In the last session we used exploratory data analysis to make sense and understand the data that we have. This is a fundamental step in any data analysis process, it allows us to know the data, find errors, patterns, etc. It also helps us to understand what we can and can’t do with the data we have.
We looked at bivariate associations between variables, which helps us to have an idea of the relationship between a set of two variables. This is powerful, but rather limited in terms of inference we can make regarding the association between variables.
It is very unusual, specially in the social sciences, that a response variable will only depend on a single explanatory variable. Usually, we have several variables that affect our outcome variable at the same time, for those cases we use multiple linear regression.
In this tutorial we will give you a practical introduction to multiple linear regression. It does not intend to replace a formal theoretical explanation of this data analysis technique, but rather we will only scratch the surface. Hopefully this will also spark some interest (and why not joy?) in you.
We will also discuses the underlying assumptions of Multiple linear regression and the interpretation of the results.
Linear models looks at the linear association between a continuous dependent variable (also known as “outcome”) \(Y\) and a set of explanatory variables (also known as “predictors”) \(x_1, x_2, x_3, x_n\). In this tutorial we will explore the association between our dependent variable \(Y\) the perception of the effectiveness of the Criminal Justice System 1 and a set of explanatory variables \(X_i\) age, whether victim of a crime, sex.
You will normally find an equation similar to this one:
We will get back to this equation later.
Before we start, remember
library(tidyverse)
## Warning: package 'tidyverse' was built under R version 3.6.2
## Warning: package 'tidyr' was built under R version 3.6.2
## Warning: package 'purrr' was built under R version 3.6.2
library(haven)
## Warning: package 'haven' was built under R version 3.6.2
We will use the modified file of the csew that we used in Practical 2. Since it’s a .RData file, we use the function load()
load(file = "csew.RData")
A simple linear regression is a linear model with 1 outcome and a single explanatory variable.
We use the function lm which stands for “linear model” from the R base package.
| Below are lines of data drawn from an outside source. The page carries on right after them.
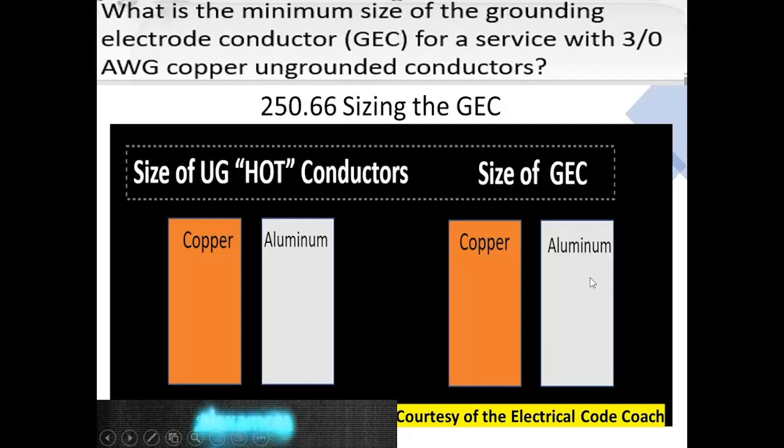The first thing we ask ourselves is: does it mention the type of electrode? No, it doesn't, so we're going to head to table 250.66 and use it at face value. If the question did mention the type of electrode, we would first head to section 250.66 and check in A, B, or C to see if our specific type of electrode is mentioned, and then use the value inside that paragraph. In this case, we're just going to use the table.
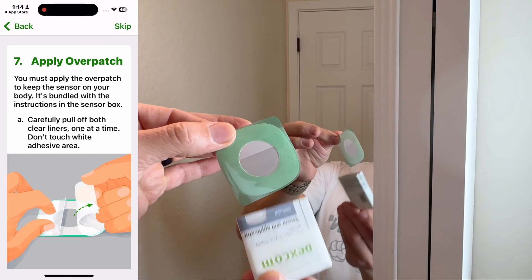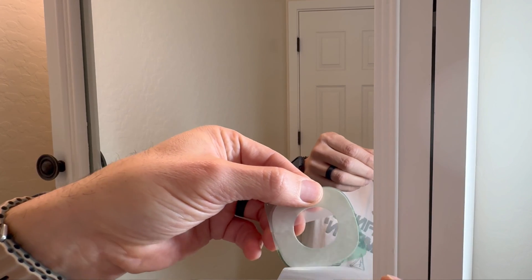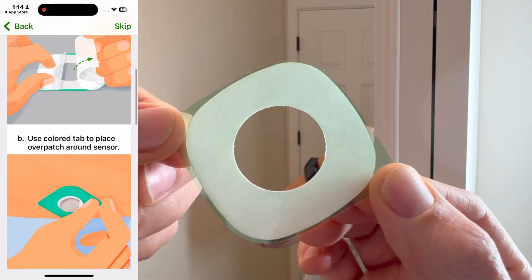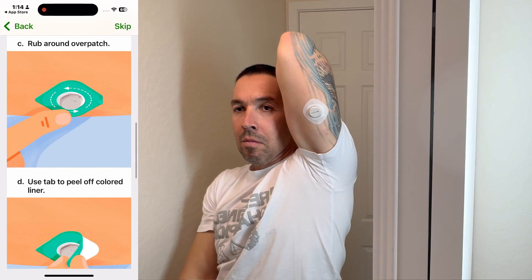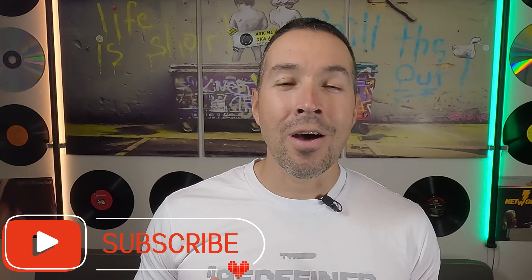Now that we have the sensor in place, let's secure it with an overpatch. First, lay the overpatch on a flat location and peel both ends. Pick up the overpatch from one of the pointy ends and find yourself a mirror. Then carefully — and I mean carefully — place the center of the patch over the G7 sensor. Once you've applied it, use the same tab to remove the green plastic from the patch, then again use the circular pattern to make sure it is good and tight on your body. Try to keep the entire area clean for about 12-ish hours if possible. Hey, if you're a type 1, type 2, MODY, or LADA diabetic and information like this is important to you, make sure you subscribe to this channel.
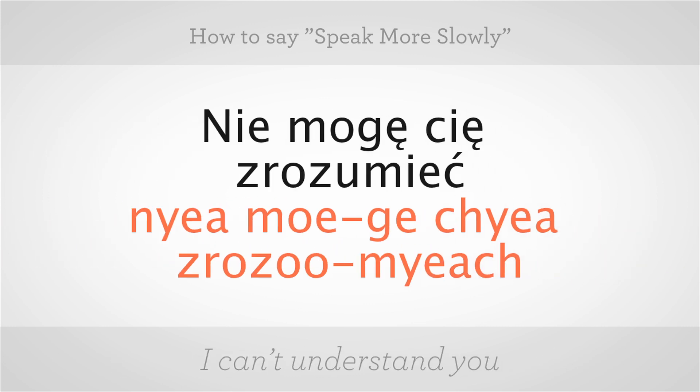To say 'I can't understand you,' you say: nie mogę cię zrozumieć. Let's break these words down. Nie mogę — the E with the accent underneath it makes an L sound, so it's mogę. Cię — there's that E accent again. Cię zrozumieć — the C with the accent on top of it is a 'cz' sound.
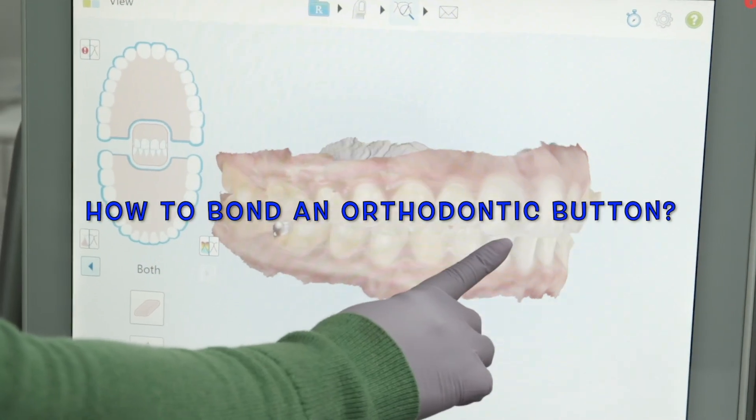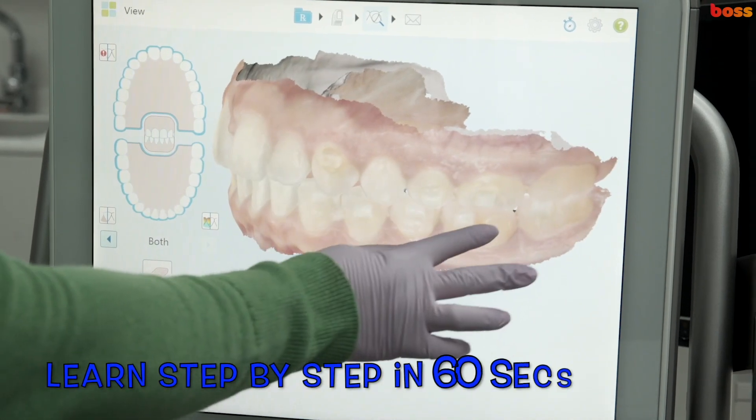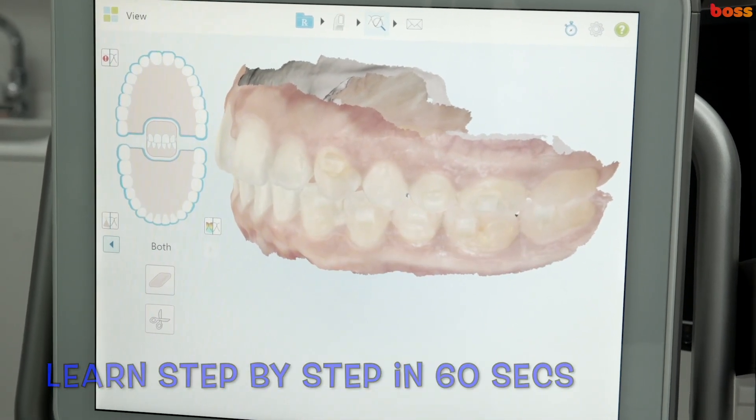Let's look at this scan today we've taken for Miss S. We've lost a button here. We will need a button because she does have to wear rubber bands just at night.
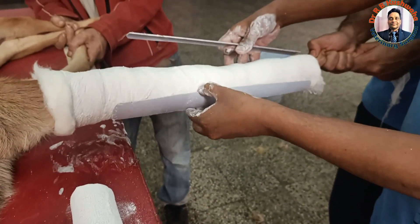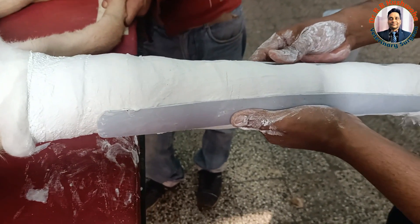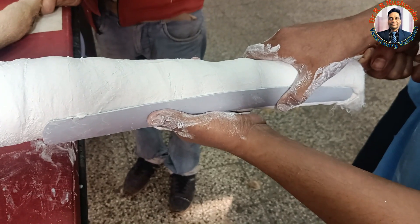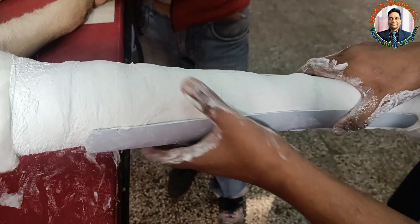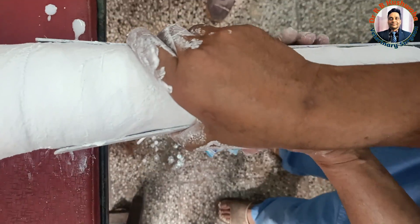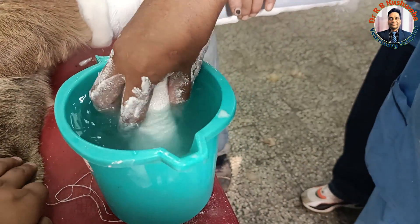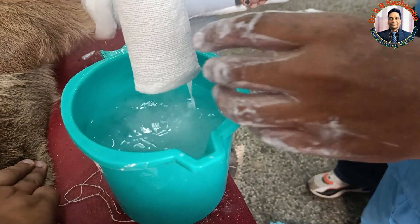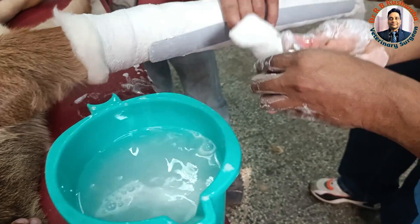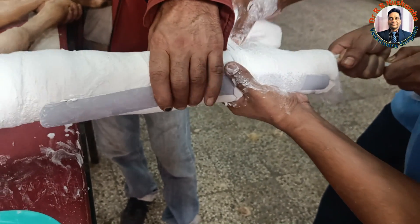Now the splint is applied. Normally splint is applied at right angles, but here I apply it differently. Otherwise I would need three splints — one at the anterior surface, one at the posterior surface, and one medial. Since the animal is light in weight, only about 25 to 30 kg, this approach works. The advantage of incorporating the splint between layers of plaster of Paris is that it does not cause any injury to the skin. I will again start from the distal side.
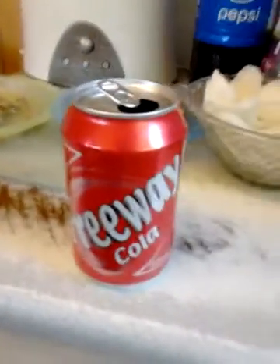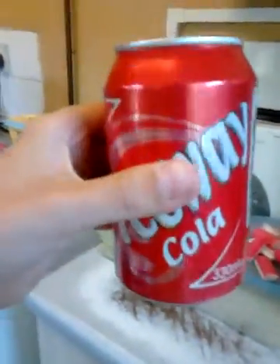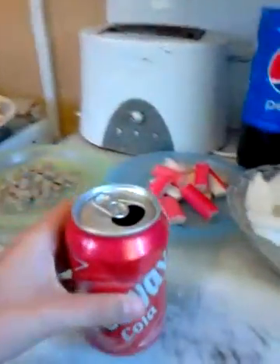Hello everybody, it's Jamie. Today I'm going to be making a video about a cool Coke trick that you can do. Most of it involves a half-drunk can — so if you've drunk some Coke, leave about half, maybe a little bit less than half.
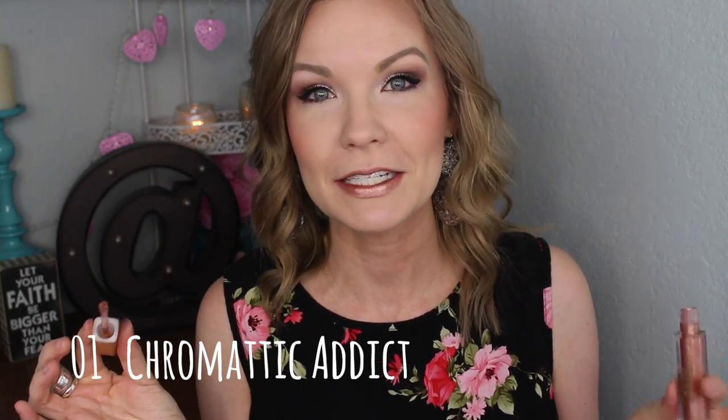I'm going to show you swatches on my lips, show you swatches on my hand, and yeah, just a little lip swatch party. So let's get into it! This first one is a lot of fun — it is definitely metallic, it's very kind of like a golden...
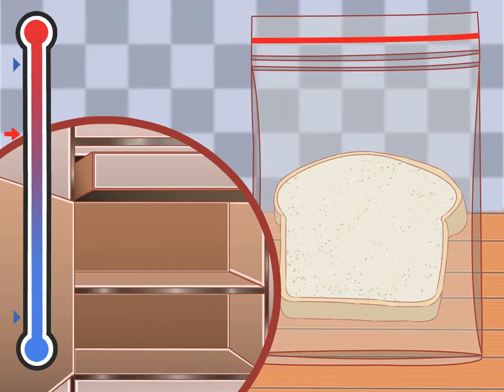Store the bread in a damp, warm area. Mold thrives in warm environments with moisture in the air. Mold is a heterotroph, so it does not need sunlight to create food — it gets food from the bread itself in the form of starch, which is broken down into smaller sugars. This is why mold often grows in dark, damp areas such as basements.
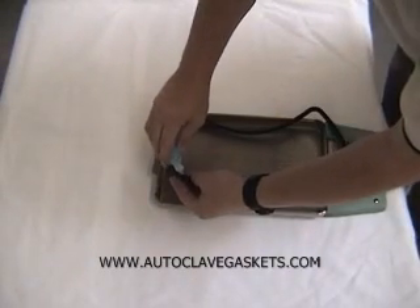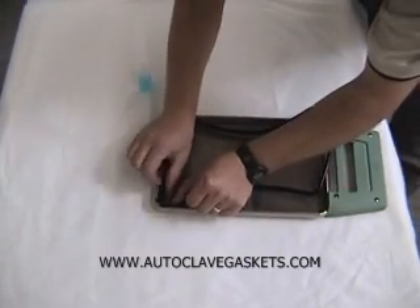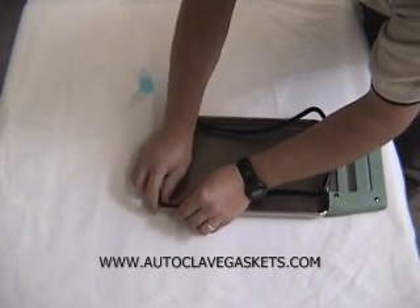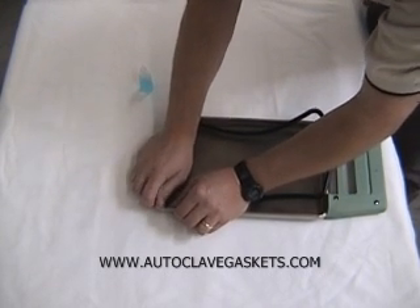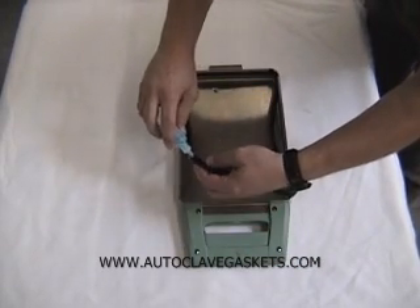Put a little more lube on up here. Move into this corner, and the real trick is getting the alignment tab in there just right. Move it back if you need to. Move into this corner, and a little more lube.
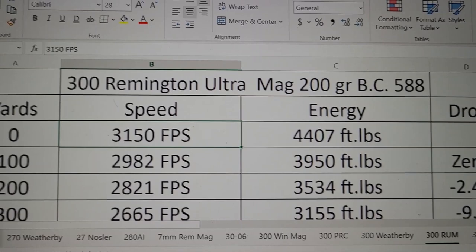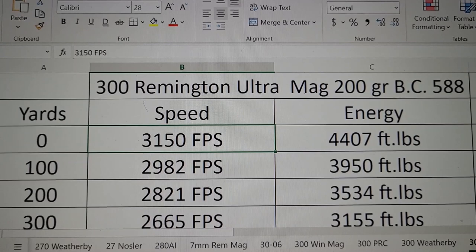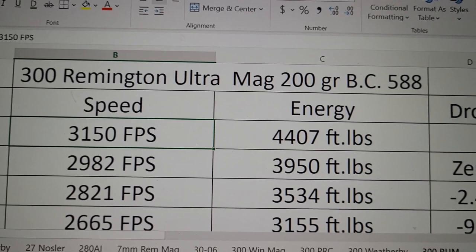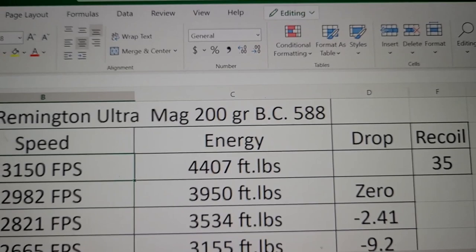Now looking at the 300 Remington Ultra Mag with that same 200 grain bullet and a muzzle velocity of 3,150 feet per second. I'm sure you can get it to go quicker, just like I could get my Weatherby to go quicker, but we need to pick a number. So 3,150 feet per second. The energy is pretty incredible: 4,400 foot-pounds. And with it going almost 100 feet per second faster, it's going to have a little bit more recoil.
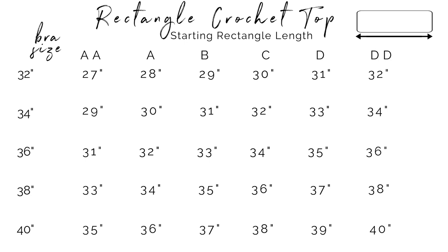But if you're making this just for yourself, you can always measure around your chest right across the highest point of your boobies and take whichever number you get and subtract three or four inches or so.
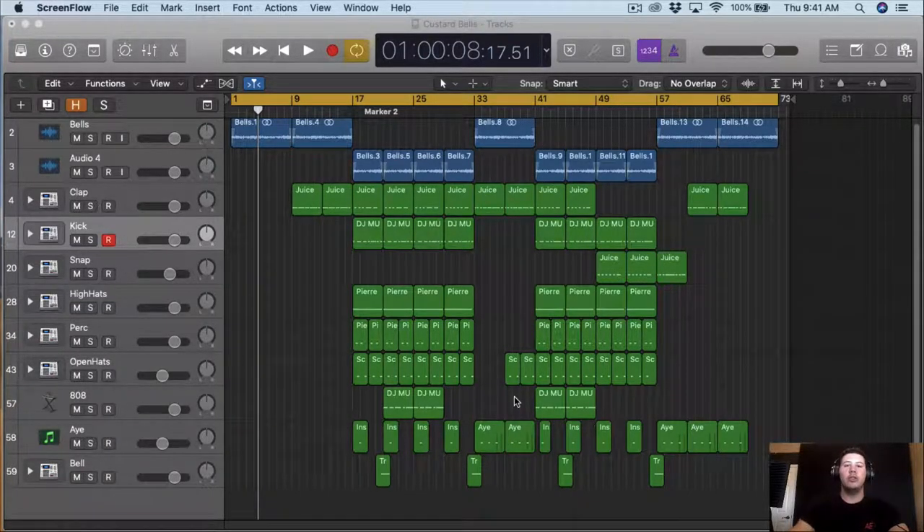All right guys, welcome back to part two of making the song. Today what we're gonna do is actually mix the beat, and then next video we're gonna mix vocals, mix it a little bit more, and then we're gonna master the song completely.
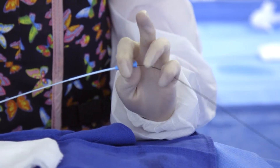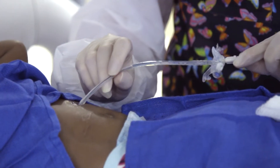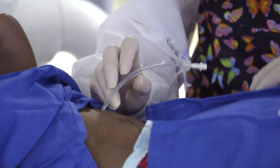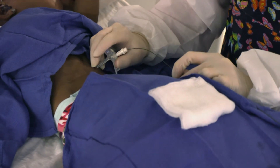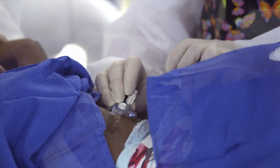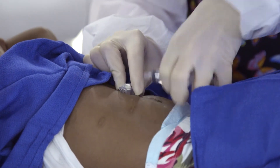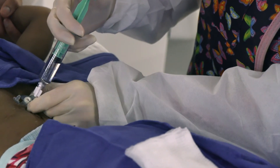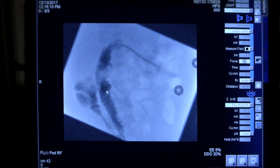After I get the guide wire in the right place, I can remove that catheter over the guide wire and, with the guide wire in place, I can advance the gastrojejunostomy tube over the guide wire to position it into the proximal small bowel. Then I'll inflate the balloon, and finally I'll inject contrast through the jejunostomy port to confirm appropriate position in the proximal jejunum.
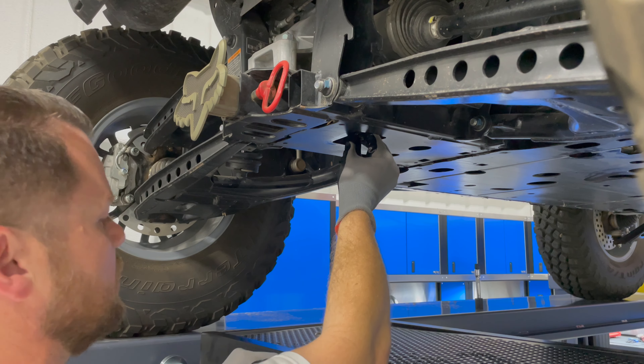Torque to 23 newton meters. I'm going to spray that off with some carb cleaner and clean it up a little bit. And that's it for the Yamaha R-Max front and rear differential service. Like and subscribe if you'd like to see more content on the Yamaha R-Max and Yamaha YXZ-1000. Thanks for watching.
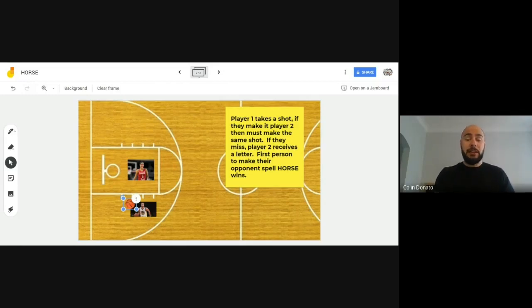If the game continues and Steph eventually spells the word HORSE, Kia would be the winner. That's the game of HORSE — you can try lots of different types of shots from different places on the court and be really creative. If you don't have a basketball hoop at home, you can use a bucket. It doesn't have to be a full-size basketball either. Have fun working on your shooting technique. Thanks everyone!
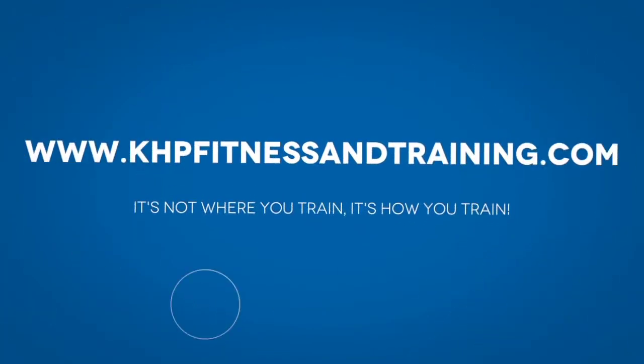Training programs, meal plans, and coaching — make sure you check out khbfitnessandtraining.com. What's going on, my fitness seekers all over the world? KHB Fitness here with another video for you.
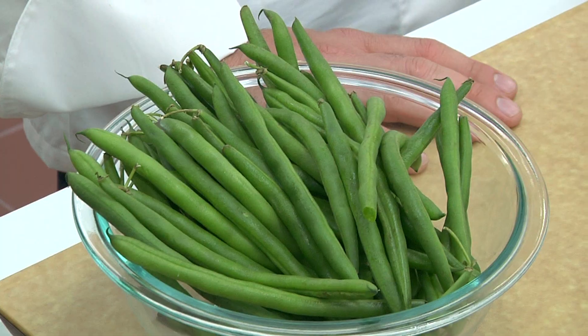My favorite side to serve with roast chicken is actually green beans. Being the green team, you know I got to stick with the green color. So we went with green beans.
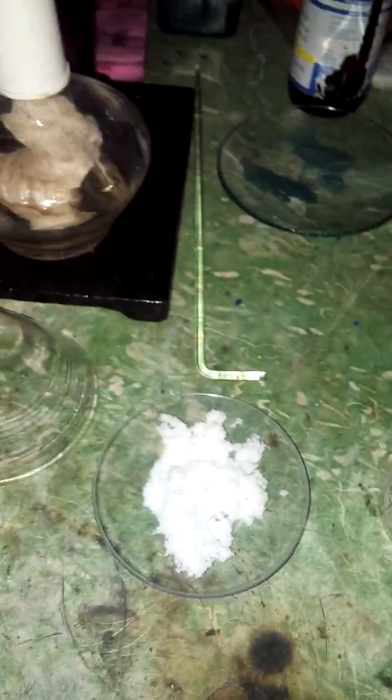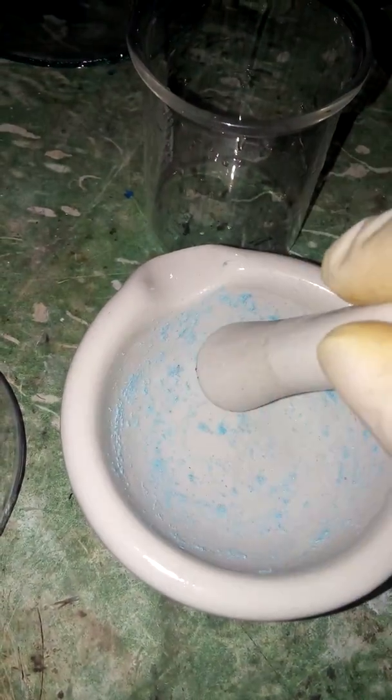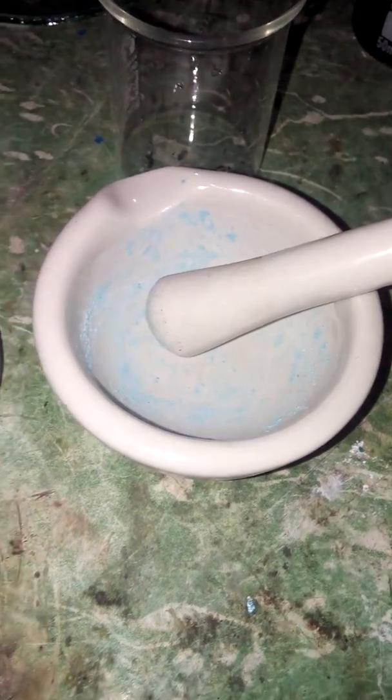First you want to take your mortar and pestle. There is some copper sulfate already in mine, but that's not gonna be a problem because we are gonna be crushing copper sulfate in it. Open up the copper sulfate bottle and take some out to crush it up.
The model is specified as follows:
m0<- lm(effectx ~ age, data = csew)
summary(m0)
##
## Call:
## lm(formula = effectx ~ age, data = csew)
##
## Residuals:
## Min 1Q Median 3Q Max
## -3.5138 -0.6656 -0.0103 0.6763 2.4681
##
## Coefficients:
## Estimate Std. Error t value Pr(>|t|)
## (Intercept) -0.4368191 0.0253230 -17.25 <2e-16 ***
## age 0.0086867 0.0004733 18.35 <2e-16 ***
## ---
## Signif. codes: 0 '***' 0.001 '**' 0.01 '*' 0.05 '.' 0.1 ' ' 1
##
## Residual standard error: 0.9873 on 13437 degrees of freedom
## (21932 observations deleted due to missingness)
## Multiple R-squared: 0.02445, Adjusted R-squared: 0.02438
## F-statistic: 336.8 on 1 and 13437 DF, p-value: < 2.2e-16
There is a lot of information in that output and we will be checking them all, but step by step. Remember that regression equation above?. This is a version of the same one for a simple linear regression
We can assess whether there is a significant association between the variables effectx and age by looking at the p-value column (Pr(>|t|)), the asterisks denote the levels of significance, *** is equivalent to 0.001.
Interpretation
The association between effectx and age is positive, the value is 0.0086867. This is the predicted value of the perception of effectiveness of the CJS score when age is 1 (remember that we only have data for respondents aged 16 years and older).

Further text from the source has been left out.